Pink clouds don’t seem to do much for the loved ones in a recovering person’s life. I don’t blame them. There is nothing more depressing than a giddy addict! Really though, it’s a complete demoralization of the spirit to the family member or loved one to watch a giddy addict parade themselves around while they are emotionally raw and hurt by our actions.

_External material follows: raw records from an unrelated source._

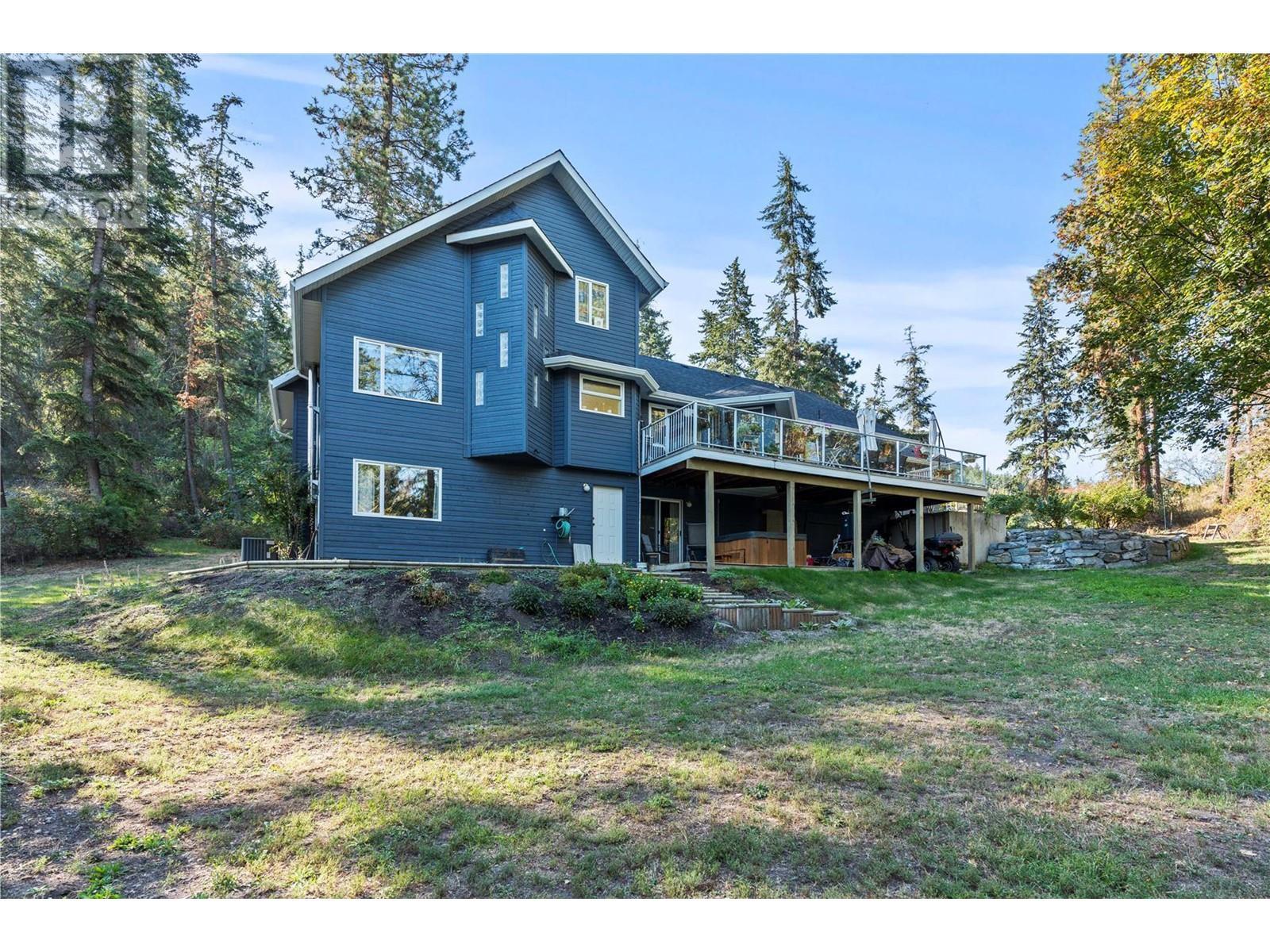 9292 Kokanee Road. Vernon, British Columbia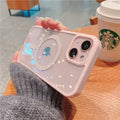 iPhone Series Colored Ring Protection with Magsafe Working Case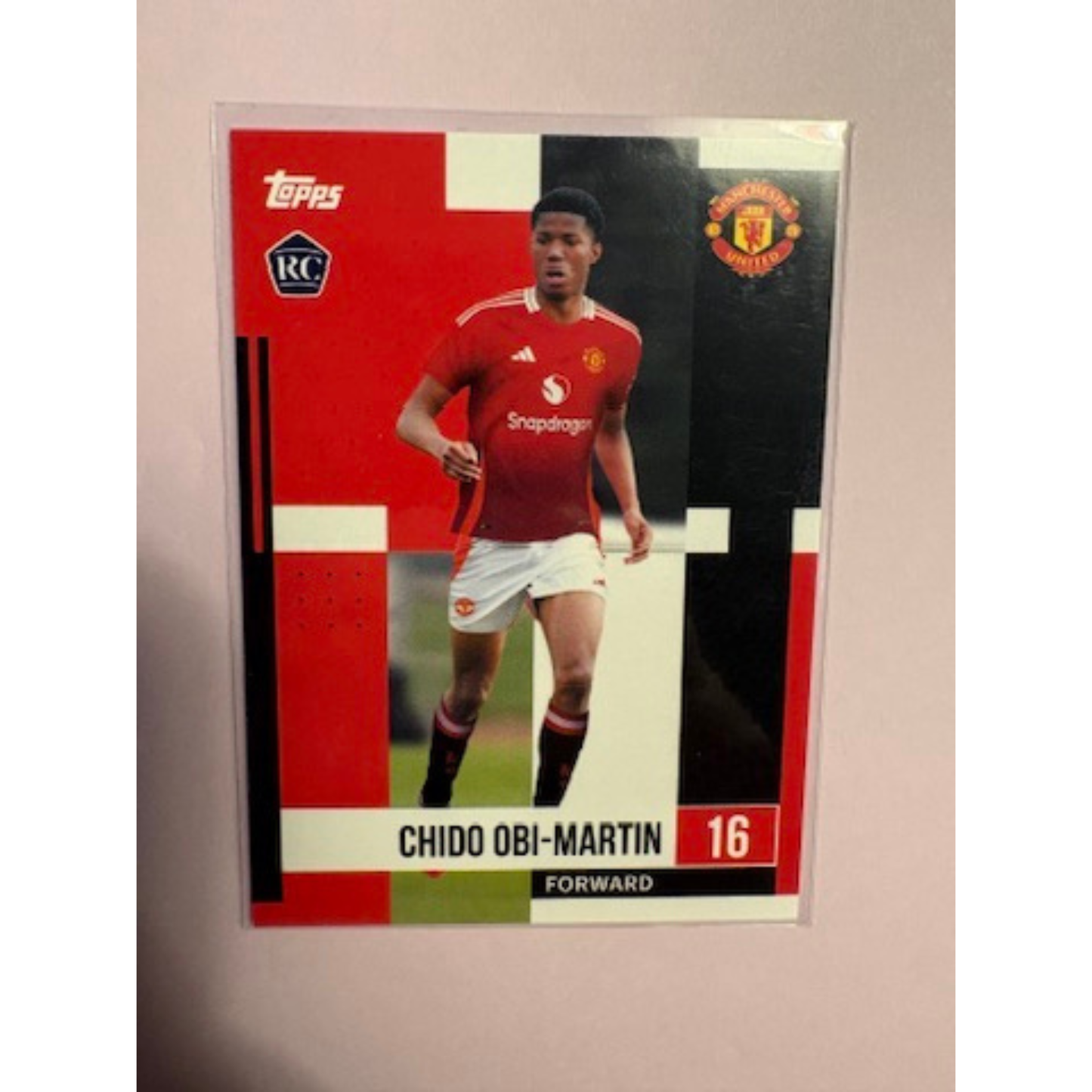 Chido Obi - Manchester United - RC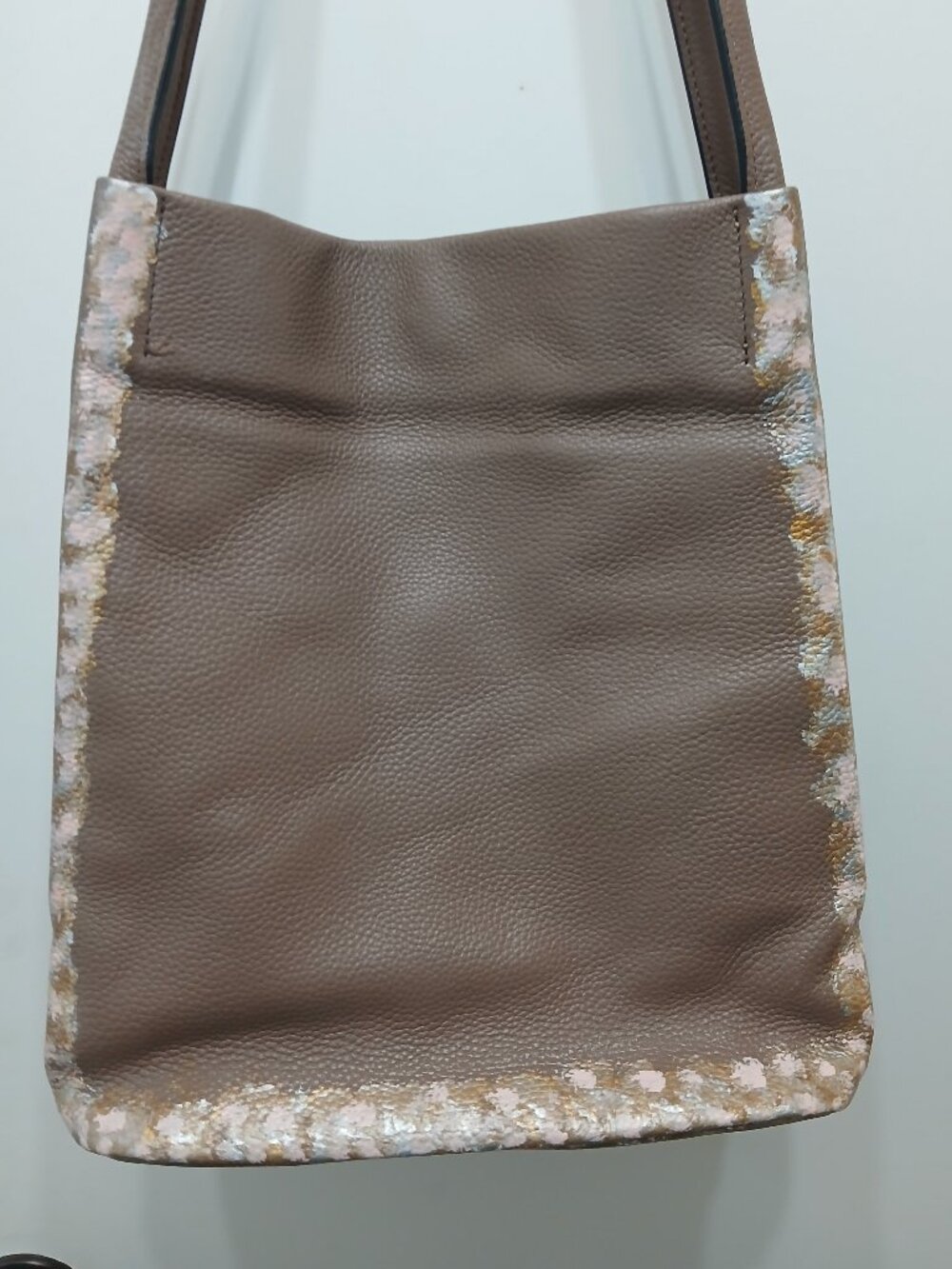 Kattee Perfectly Frosted Taupe Bag🌼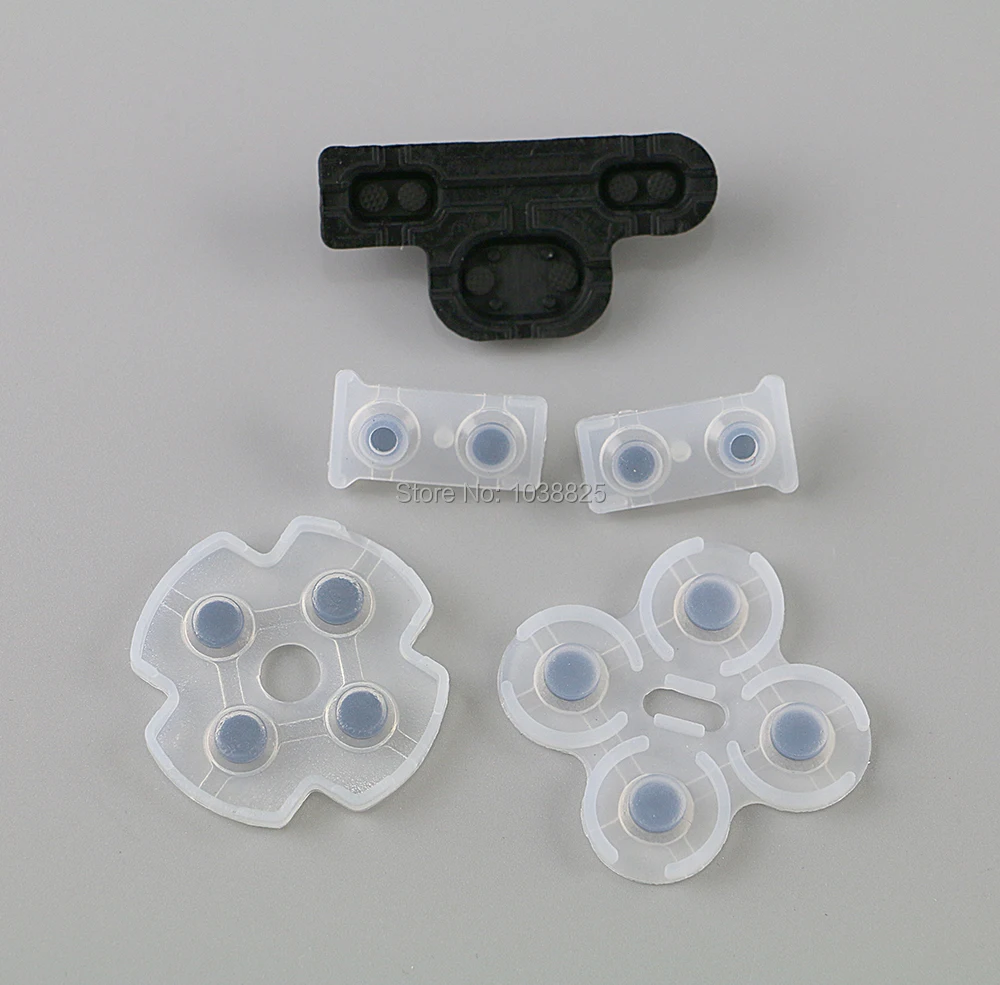 Transparent Conductive silicone rubber for PS3 controller conductive rubber 120pcs/lot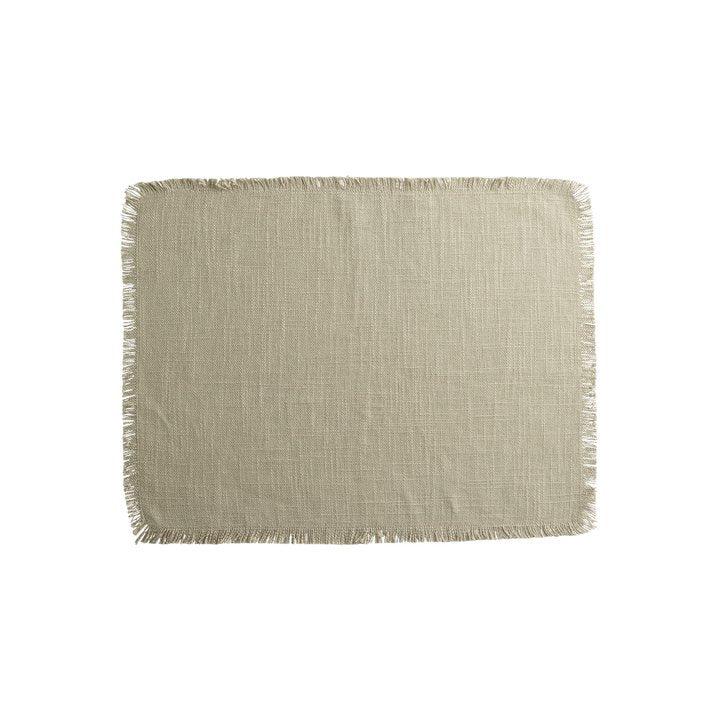 Linen Placemat - Sand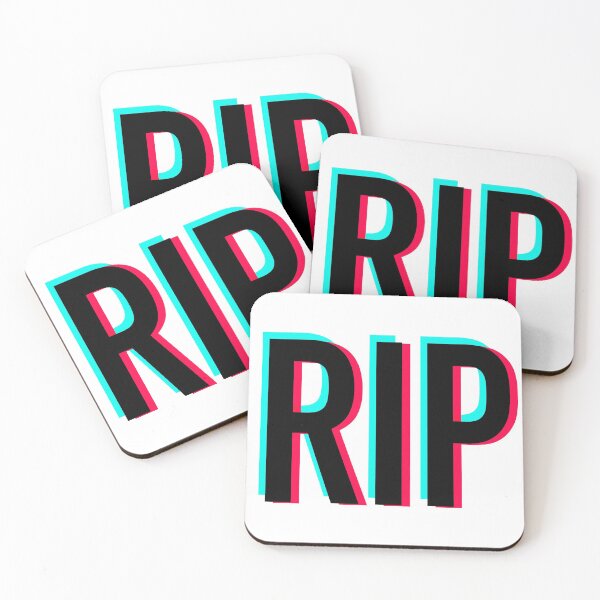 Item preview, Rip Tiktok designed and sold by piece-of-schist.
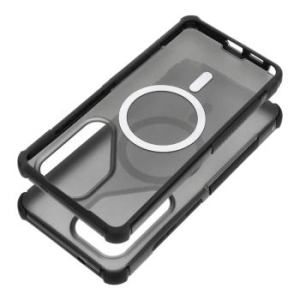 BumperX Premium Case MagSafe Samsung Galaxy A37 Czarny - 205686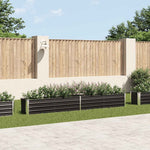 Garden Raised Bed Galvanised Steel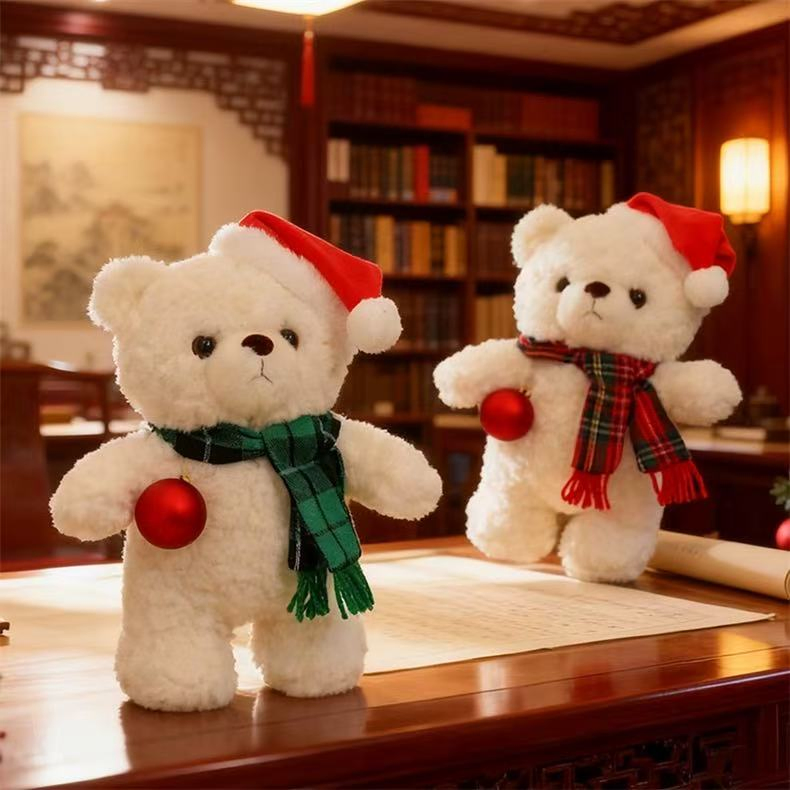 Lovely Doll Cuddle Scarf Bear Giant Teddy Bear Stuffed Animal Plush Toys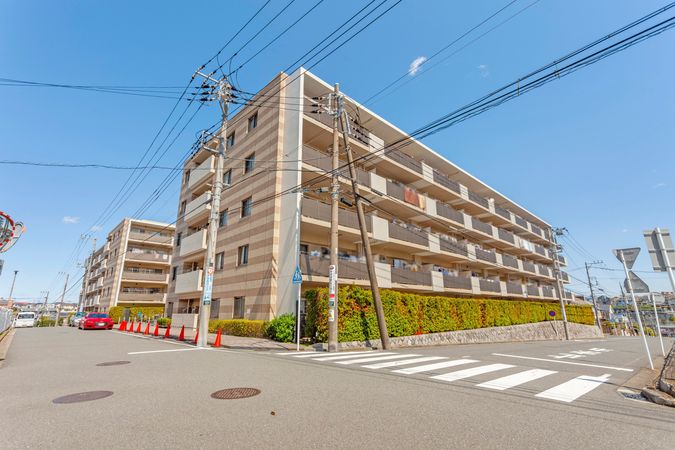 エルフィーノ横浜・市沢の丘 外観 エルフィーノ横浜・市沢の丘 外観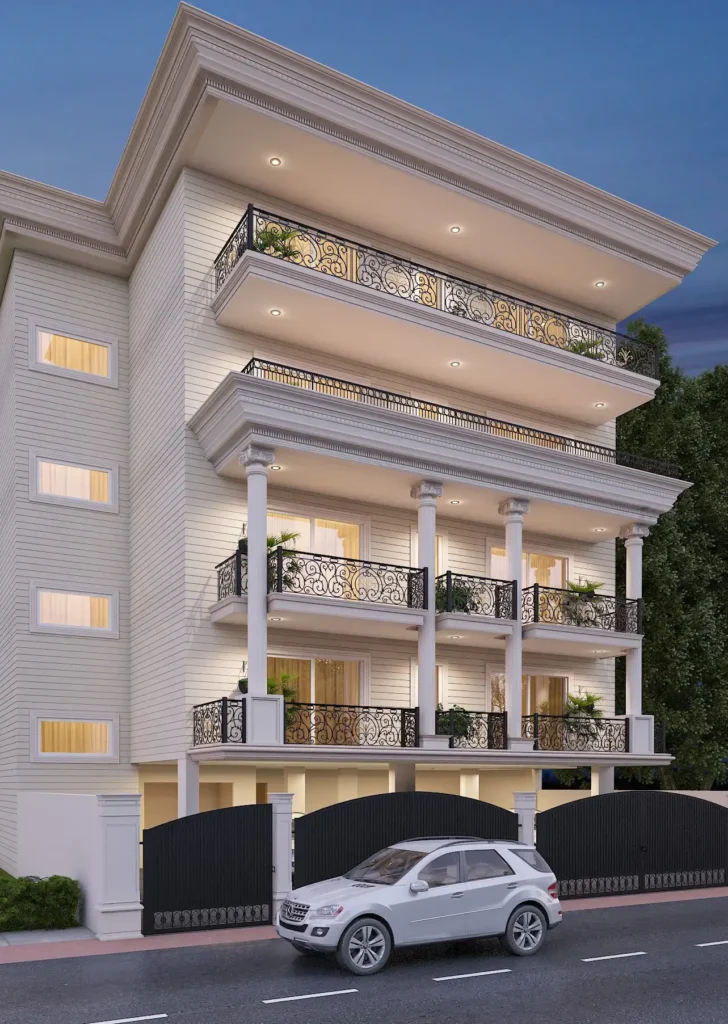 Gated Community Builder Floors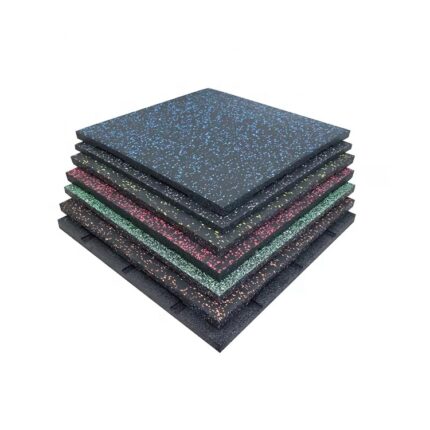 Luxury EPDM Interlocking Gym Floor Tile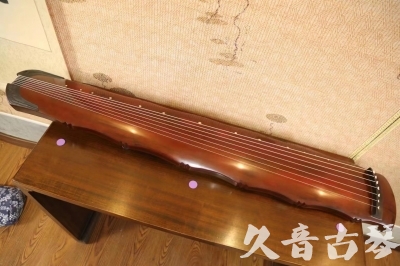 ●久音古琴  ●典藏系列 20230726 [红洒金竹节]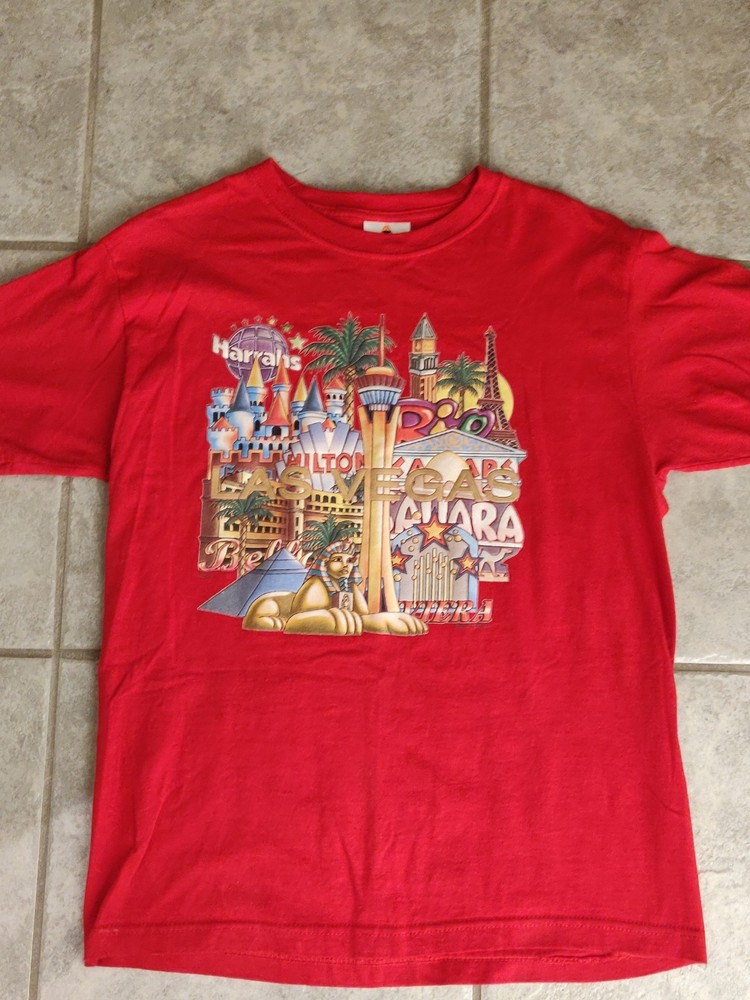 Red Diamond Star Las Vegas Tee Medium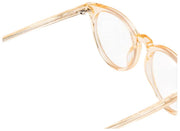 MessyWeekend Abel Blue Light Reading Glasses - Clear/Sol Yellow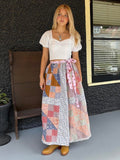 Quilt Wrap Skirt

I found this out firsthand after coming home from a meeting. I was in a ‘pink cloud’ when my wife snapped. I had been parading around the house telling her of this and that when suddenly it came from left field. “Well that may be all fine and fucking well for you, but have you thought about what you have done? What you did? Nothing has changed Bob, it all still hurts. Do you even remember anything? You called me horrible names, threatened to take my children away, for God’s sakes, you said you would take the kids and I would never find them. None of this is ‘over’ in my eyes, I’m not sure how it is you sleep at night with the things you said and did, but I haven’t slept well in 2 years. You screamed obscenities at the kids, you made us all feel responsible for your stupid fucking choices. It will be a long, long time before anyone here is ready to forgive you”.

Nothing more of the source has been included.